■ What the task asks
Your job with the data below is to output exactly the lines from the one holding "Lea participe au" down to the one holding "Model AI Hasilkan", both included, and no others.

■ Provided entries

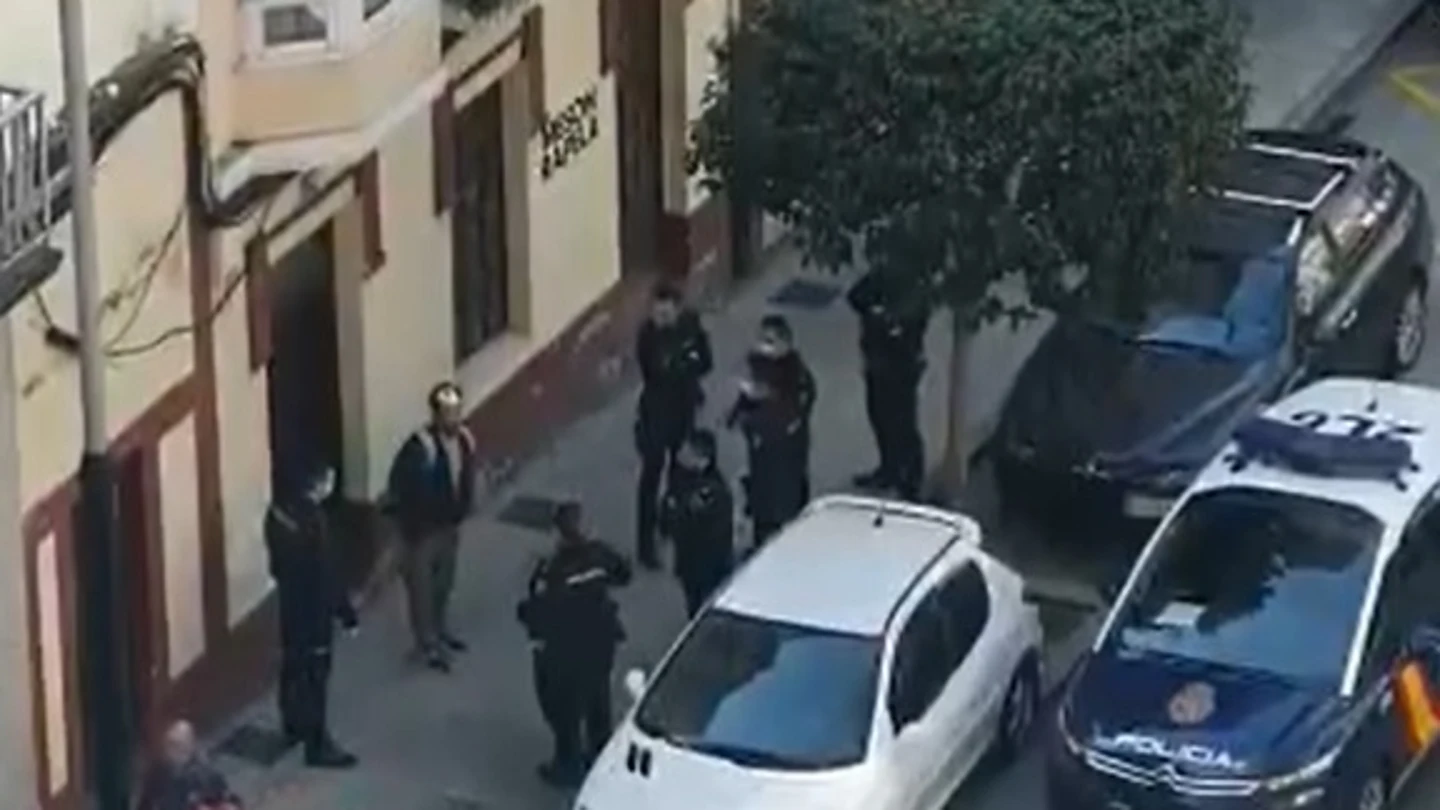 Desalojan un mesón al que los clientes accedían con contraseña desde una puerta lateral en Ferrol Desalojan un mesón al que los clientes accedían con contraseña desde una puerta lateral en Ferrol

* * *

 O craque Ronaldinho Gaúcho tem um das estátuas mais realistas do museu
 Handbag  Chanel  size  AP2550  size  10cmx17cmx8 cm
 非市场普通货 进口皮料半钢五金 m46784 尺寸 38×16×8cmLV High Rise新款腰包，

--

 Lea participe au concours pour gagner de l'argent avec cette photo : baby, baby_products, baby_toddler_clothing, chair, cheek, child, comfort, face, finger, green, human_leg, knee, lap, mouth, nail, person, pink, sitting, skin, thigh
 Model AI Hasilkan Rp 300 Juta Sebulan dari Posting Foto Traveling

■ Output below
 Lea participe au concours pour gagner de l'argent avec cette photo : baby, baby_products, baby_toddler_clothing, chair, cheek, child, comfort, face, finger, green, human_leg, knee, lap, mouth, nail, person, pink, sitting, skin, thigh
 Model AI Hasilkan Rp 300 Juta Sebulan dari Posting Foto Traveling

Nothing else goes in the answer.